◆ Directions ◆
The line containing "Škoda Karoq 1.5" marks the end; return exactly every line from the start of the records up to and including it, but no pictures.

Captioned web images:
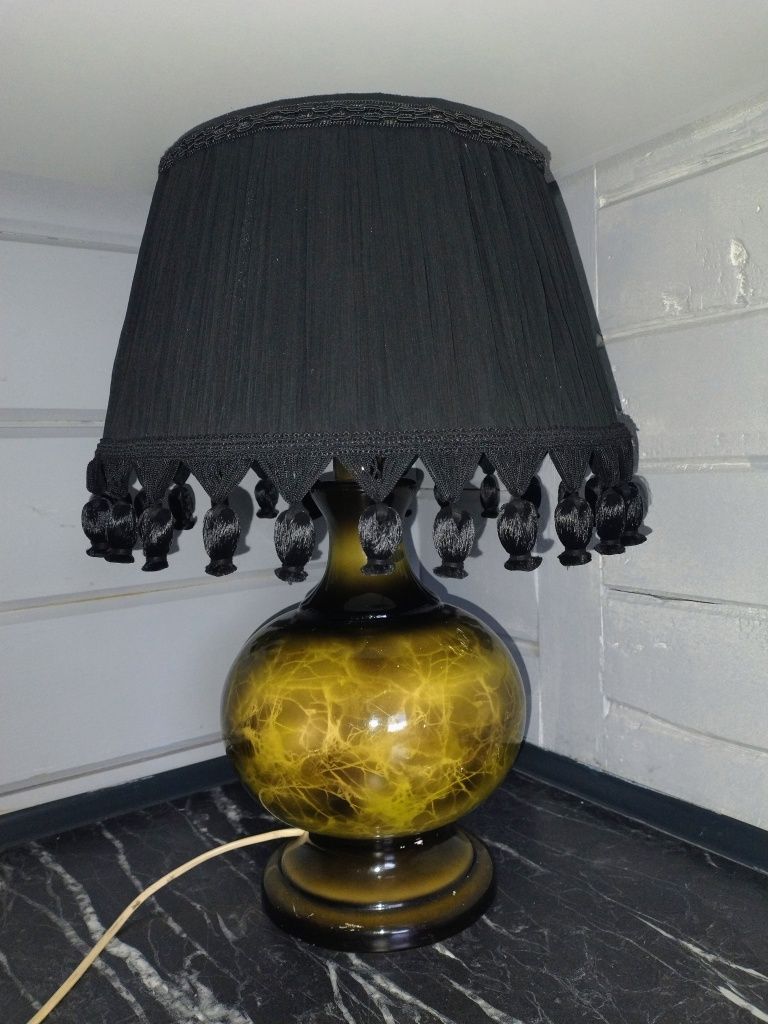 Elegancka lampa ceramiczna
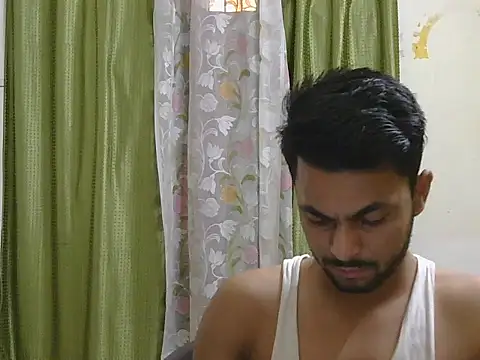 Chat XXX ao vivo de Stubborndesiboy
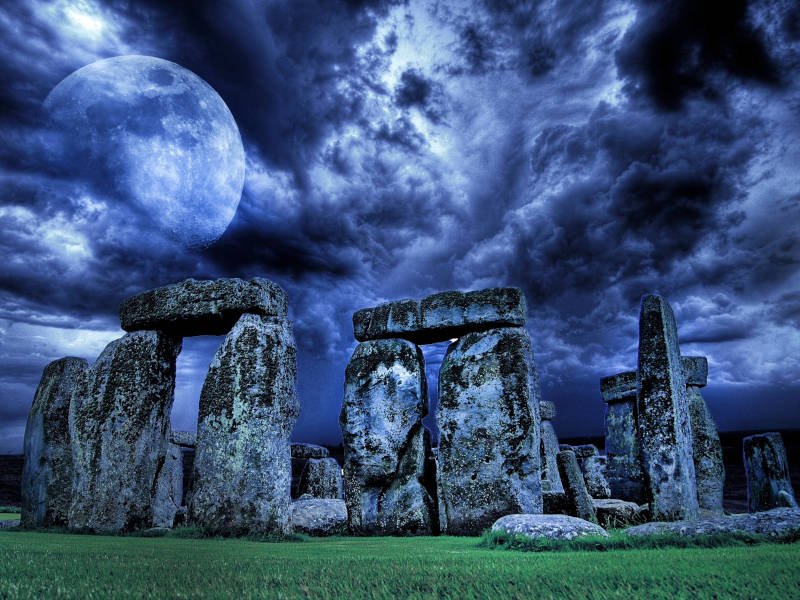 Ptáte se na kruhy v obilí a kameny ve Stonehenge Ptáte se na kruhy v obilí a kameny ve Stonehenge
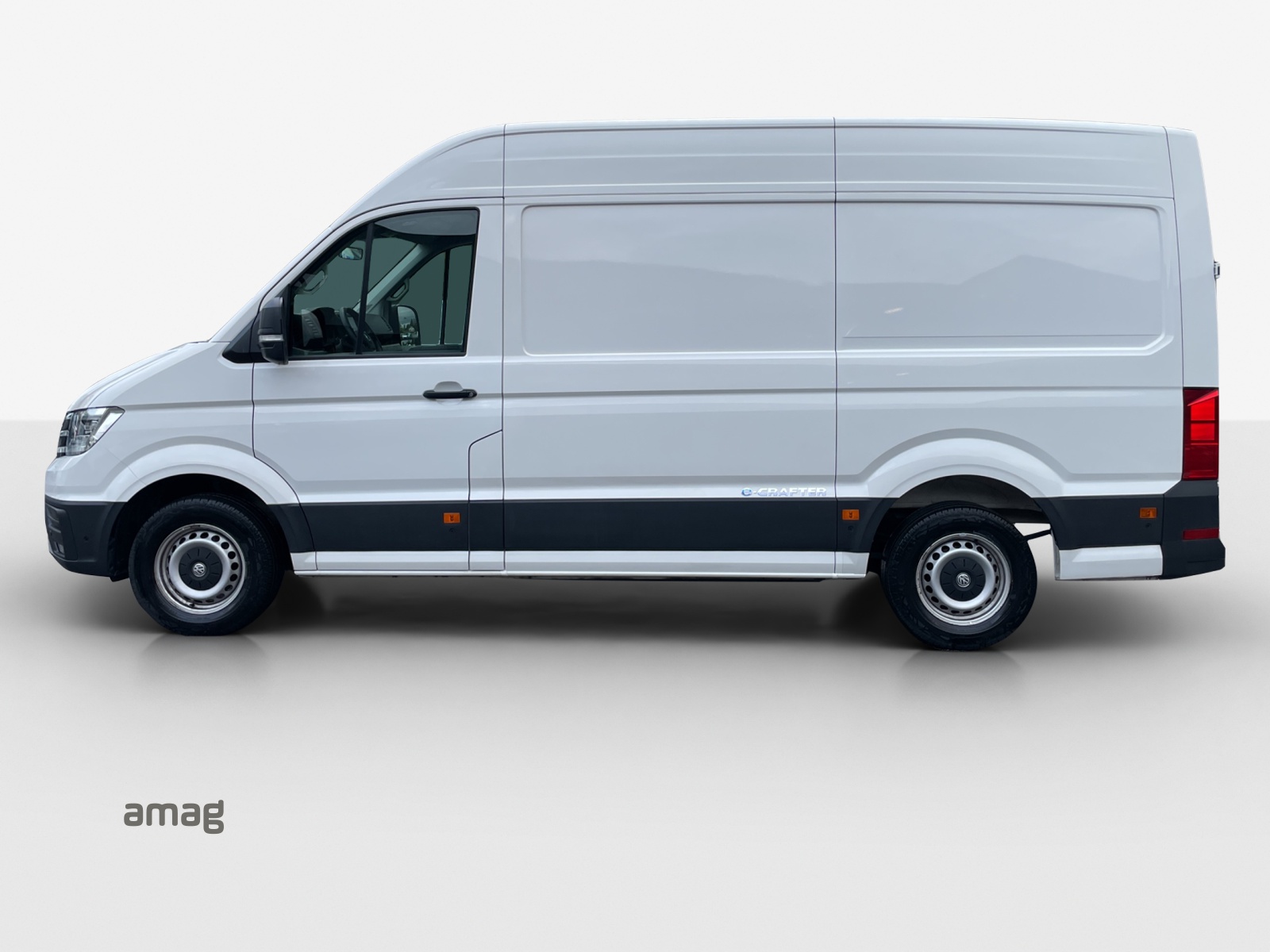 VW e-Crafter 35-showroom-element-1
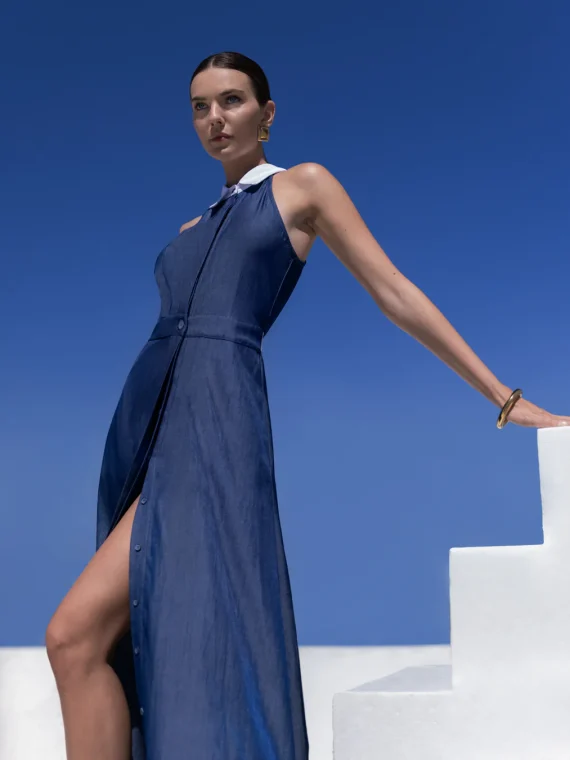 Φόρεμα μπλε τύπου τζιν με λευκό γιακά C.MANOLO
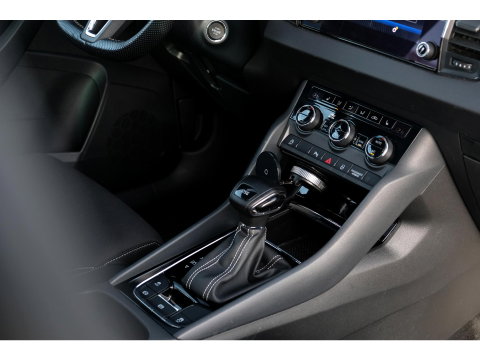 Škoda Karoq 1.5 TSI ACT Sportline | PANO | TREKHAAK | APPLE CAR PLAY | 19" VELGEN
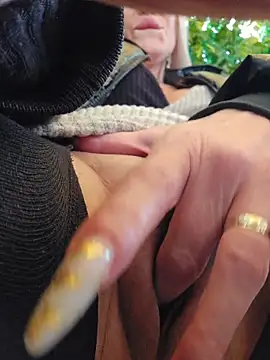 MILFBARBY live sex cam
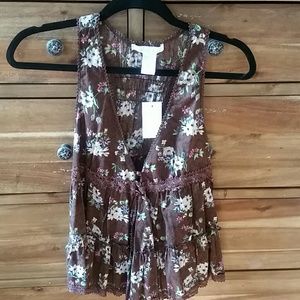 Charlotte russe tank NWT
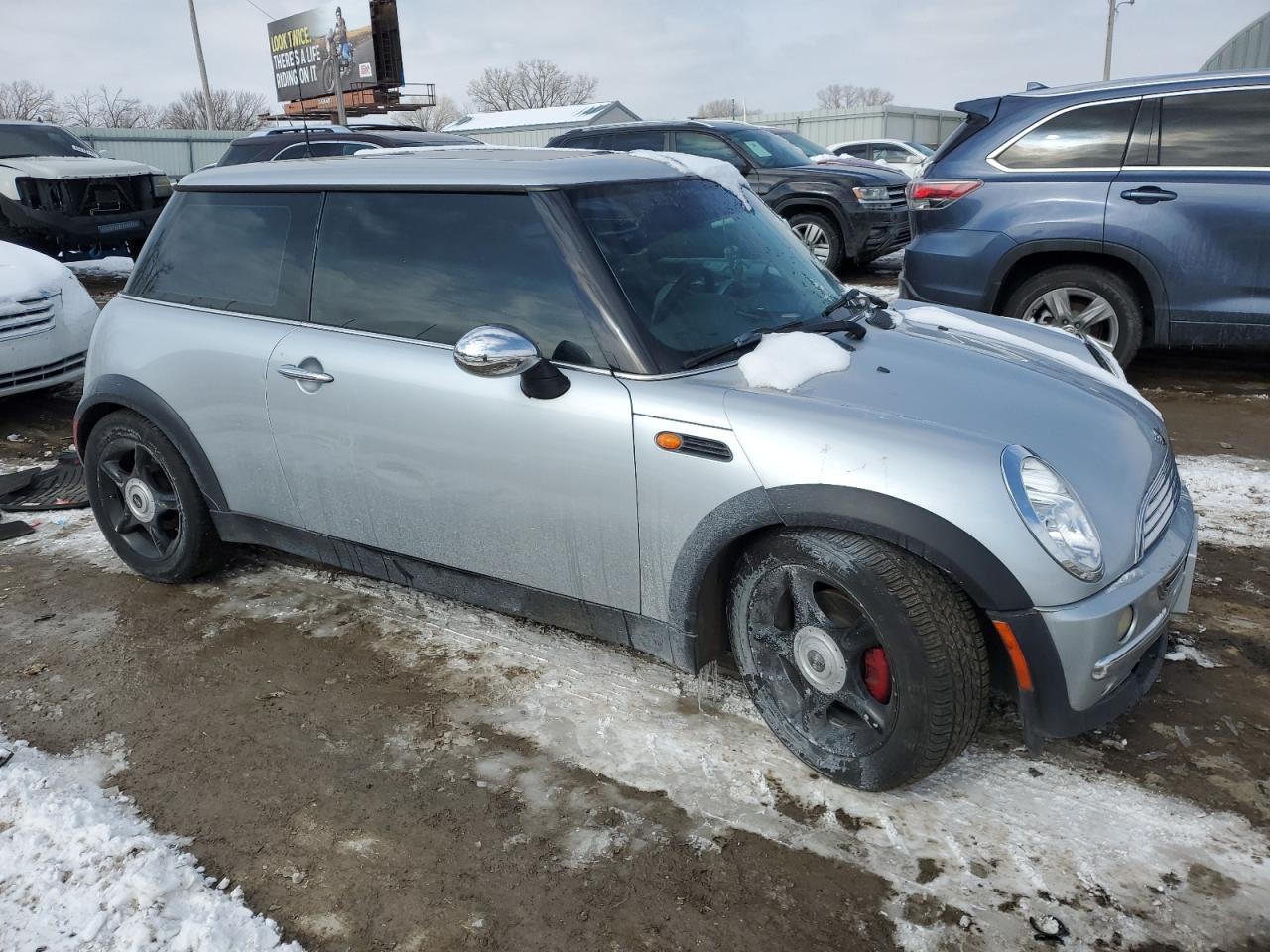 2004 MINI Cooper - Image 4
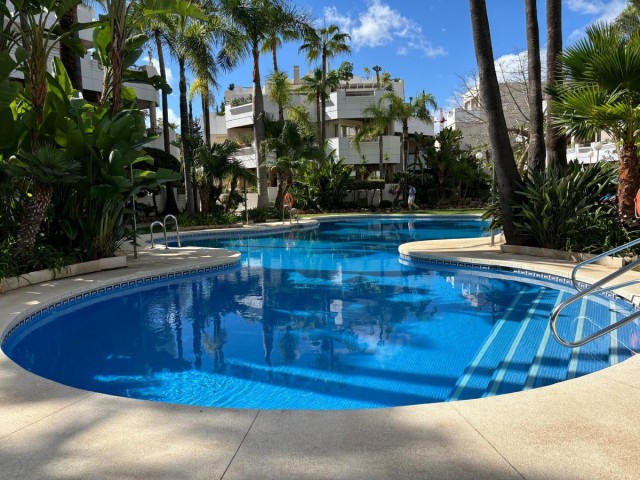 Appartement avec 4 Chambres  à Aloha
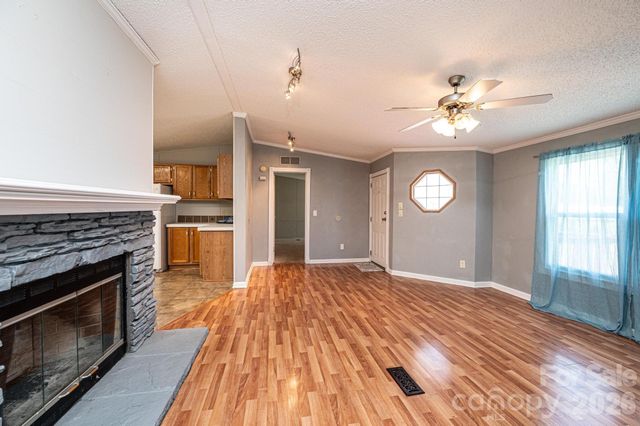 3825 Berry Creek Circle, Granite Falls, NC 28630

◆ Task output ◆
 Elegancka lampa ceramiczna
 Chat XXX ao vivo de Stubborndesiboy
 Ptáte se na kruhy v obilí a kameny ve Stonehenge Ptáte se na kruhy v obilí a kameny ve Stonehenge
 VW e-Crafter 35-showroom-element-1
 Φόρεμα μπλε τύπου τζιν με λευκό γιακά C.MANOLO
 Škoda Karoq 1.5 TSI ACT Sportline | PANO | TREKHAAK | APPLE CAR PLAY | 19" VELGEN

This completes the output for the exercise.